START DATA TO USE

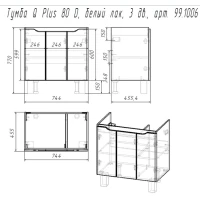 Тумба с раковиной Dreja Q Plus (D) 80 подвесная, белый глянец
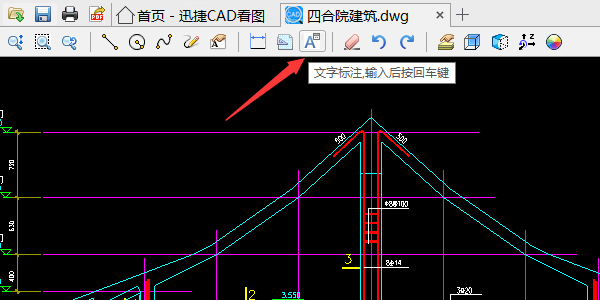 CAD文字标注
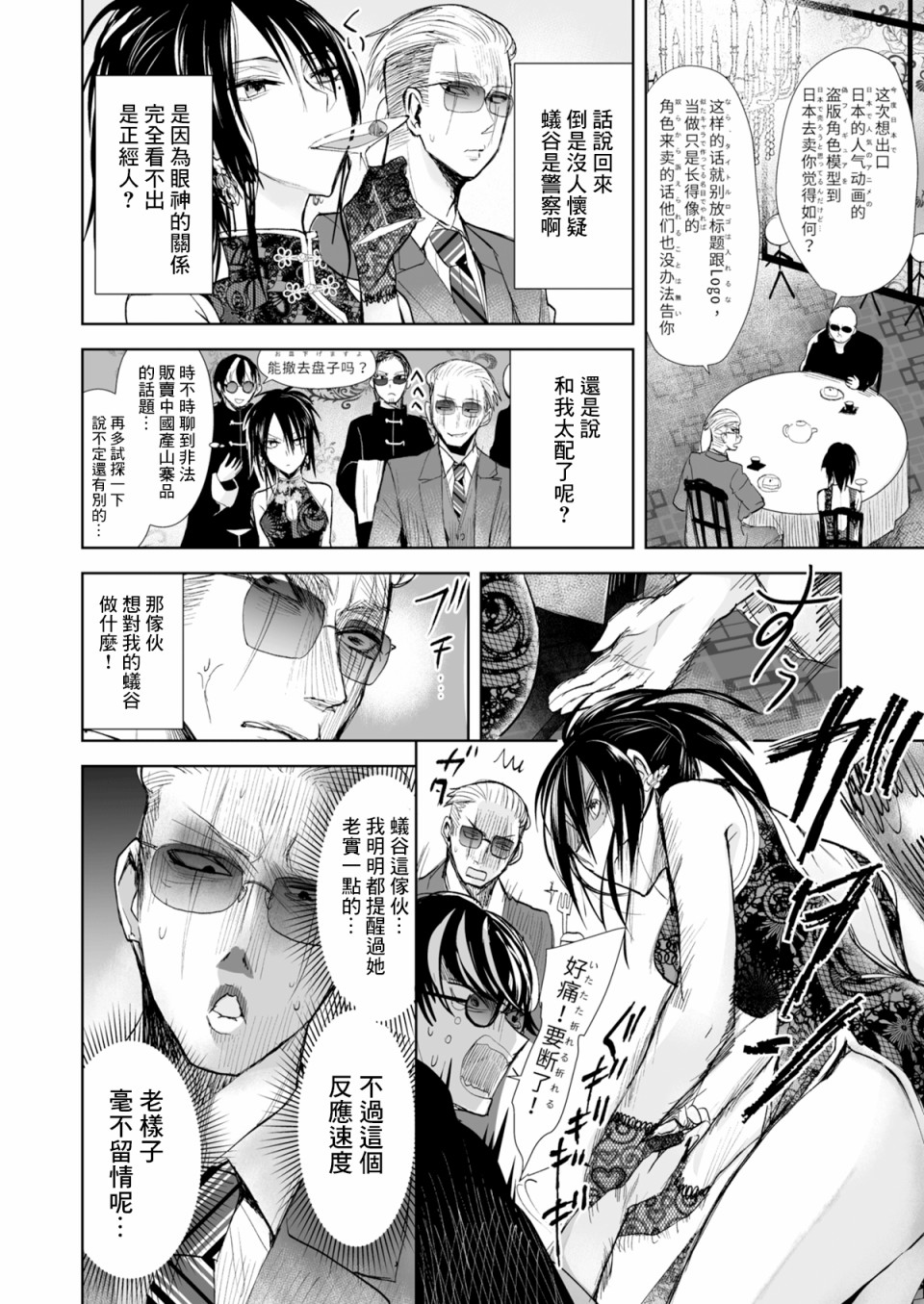 《混混与眼神恶劣女刑警》漫画最新章节第17话免费下拉式在线观看章节第【2】张图片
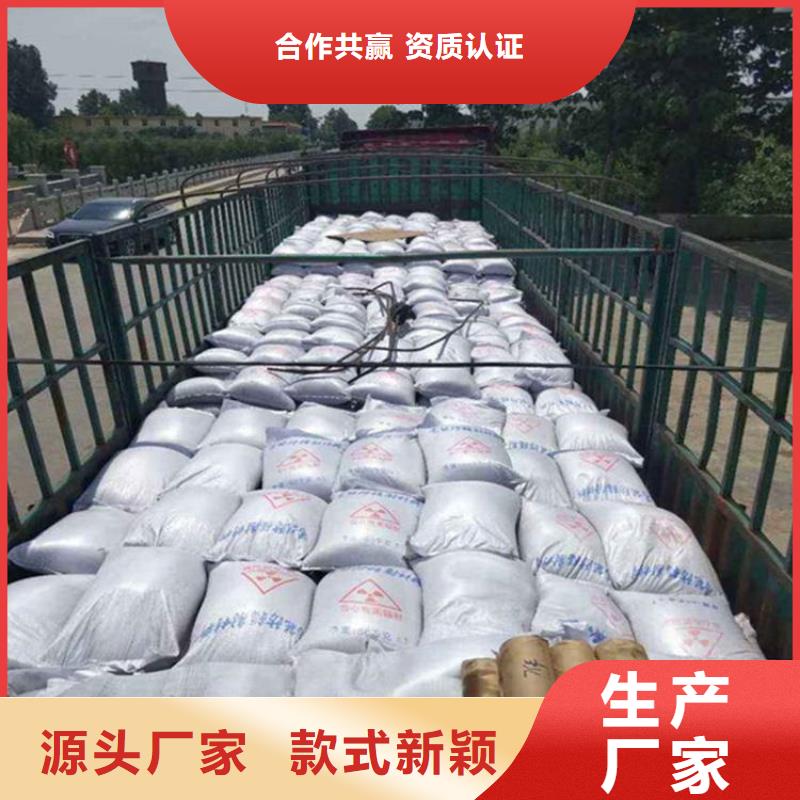 有现货的防辐射硫酸钡砂50kg/袋生产厂家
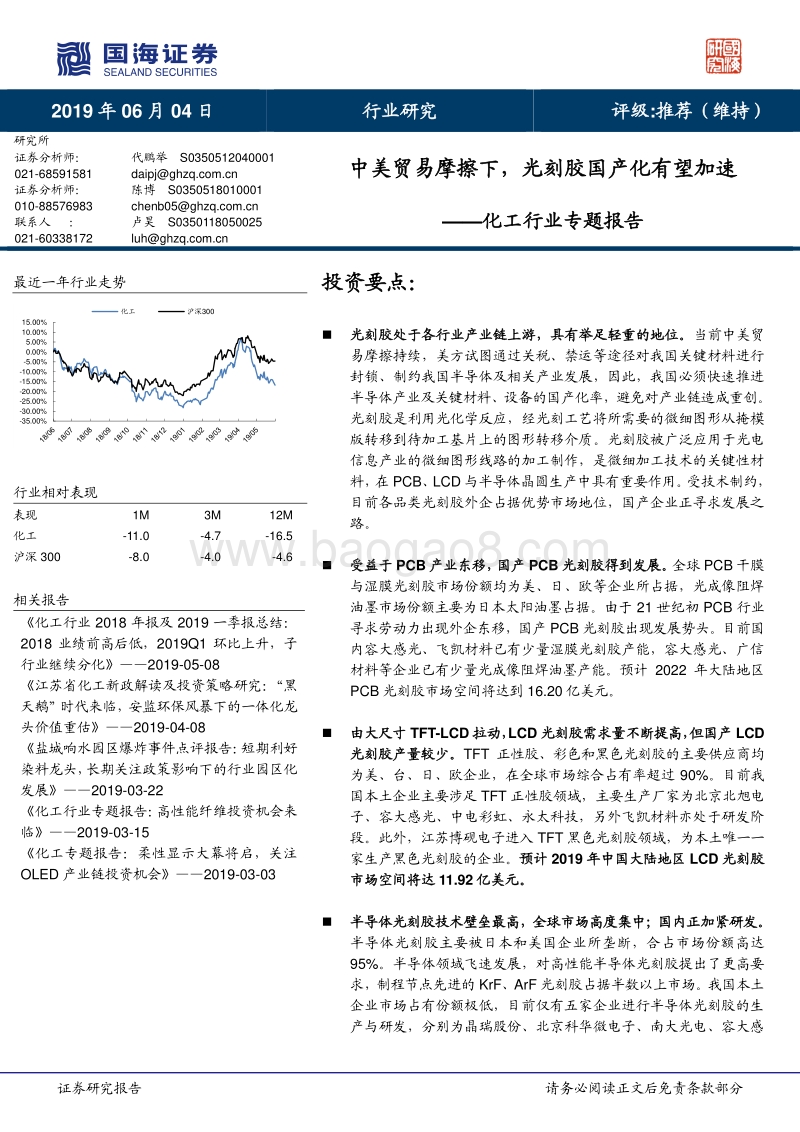 化工行业专题报告：中美贸易摩擦下，光刻胶国产化有望加速.pdf_第1页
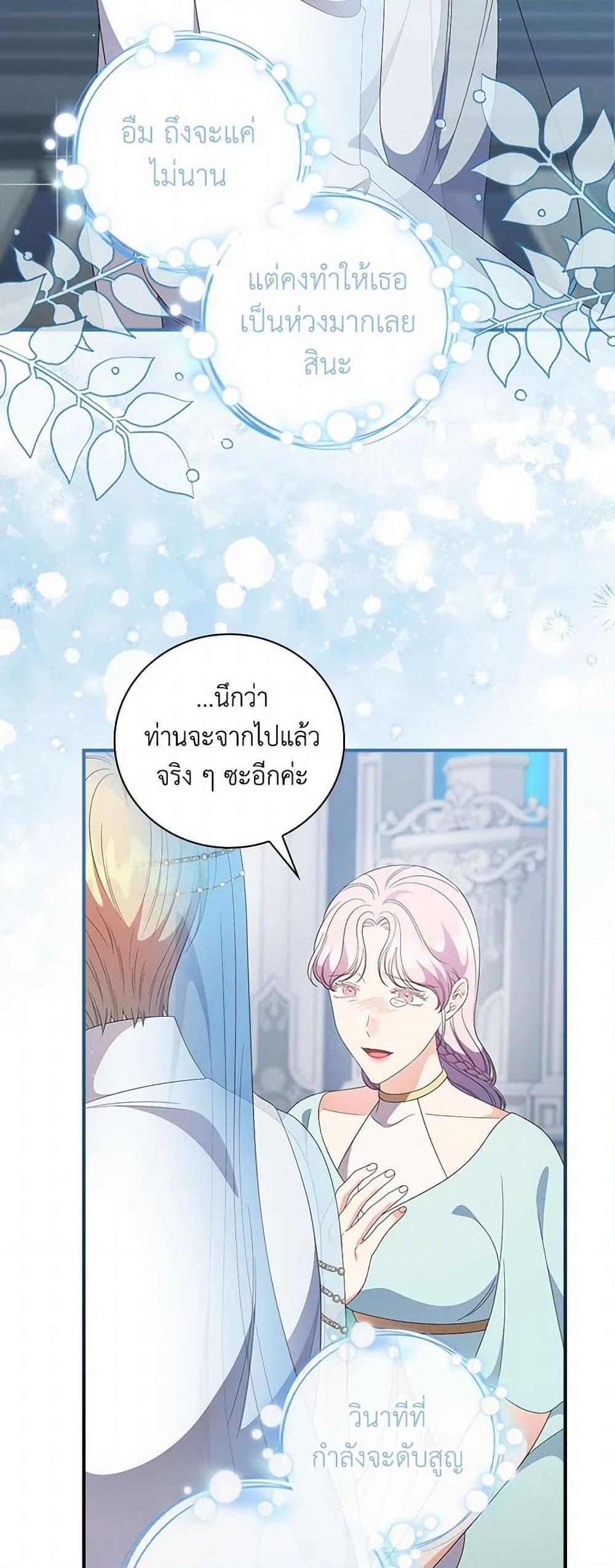 Manga-lc-com อ่านมังงะ อ่านการ์ตูน ออนไลน์ ฟรี Duchess in the Glass House ตอนที่ 1 2 3 4 5 6 7 8 9 10 11 12 13 14 ฟรี ไม่มีโฆษณา Manga-lc - อ่าน มังงะ อ่าน การ์ตูน ออนไลน์ อ่านมังงะ ฟรี
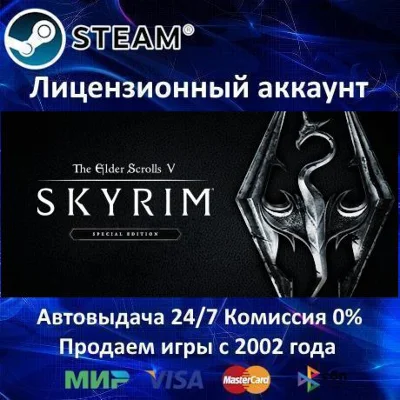 ✅The Elder Scrolls V: Skyrim Special Edition✔️Steam 0%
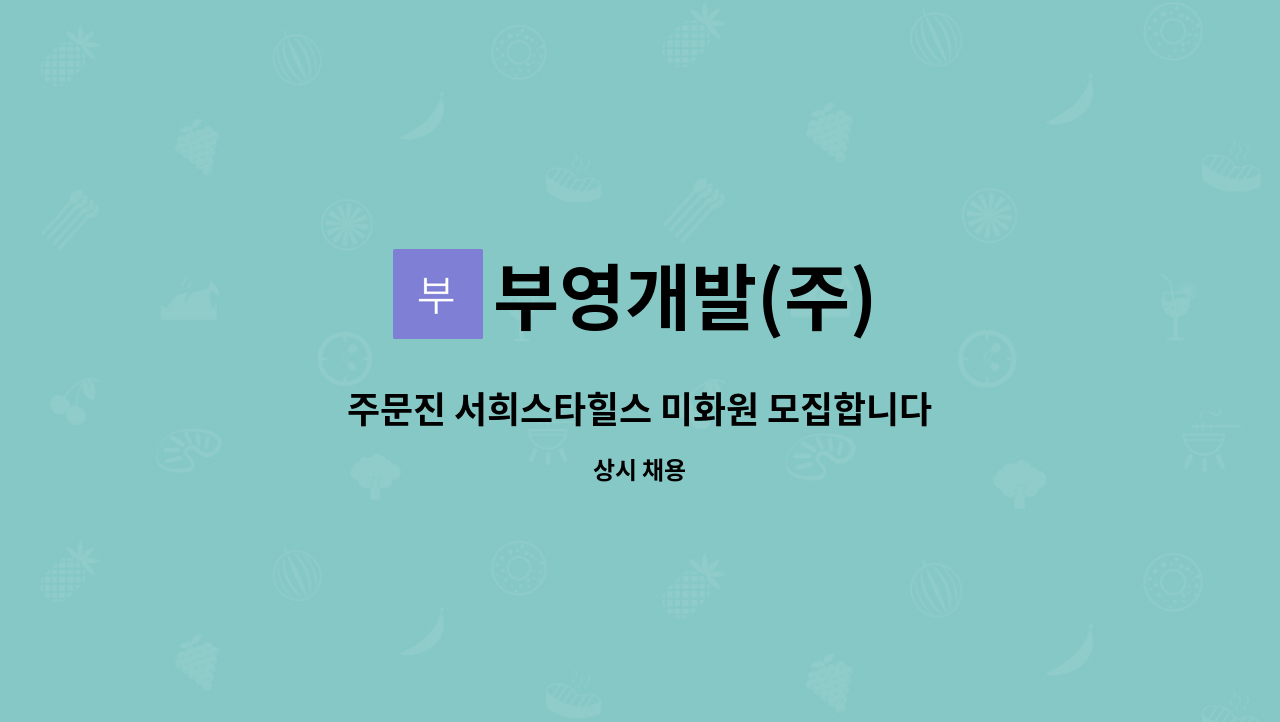 부영개발(주) - 주문진 서희스타힐스 미화원 모집합니다. : 채용 메인 사진 (더팀스 제공)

END DATA TO USE

# TASK TO COMPLETE
You need to restate all of the entries above exactly and leave the pictures behind.

# SOLUTION TO THE PROBLEM
 Тумба с раковиной Dreja Q Plus (D) 80 подвесная, белый глянец
 CAD文字标注
 《混混与眼神恶劣女刑警》漫画最新章节第17话免费下拉式在线观看章节第【2】张图片
 有现货的防辐射硫酸钡砂50kg/袋生产厂家
 化工行业专题报告：中美贸易摩擦下，光刻胶国产化有望加速.pdf_第1页
 Manga-lc-com อ่านมังงะ อ่านการ์ตูน ออนไลน์ ฟรี Duchess in the Glass House ตอนที่ 1 2 3 4 5 6 7 8 9 10 11 12 13 14 ฟรี ไม่มีโฆษณา Manga-lc - อ่าน มังงะ อ่าน การ์ตูน ออนไลน์ อ่านมังงะ ฟรี
 ✅The Elder Scrolls V: Skyrim Special Edition✔️Steam 0%
 부영개발(주) - 주문진 서희스타힐스 미화원 모집합니다. : 채용 메인 사진 (더팀스 제공)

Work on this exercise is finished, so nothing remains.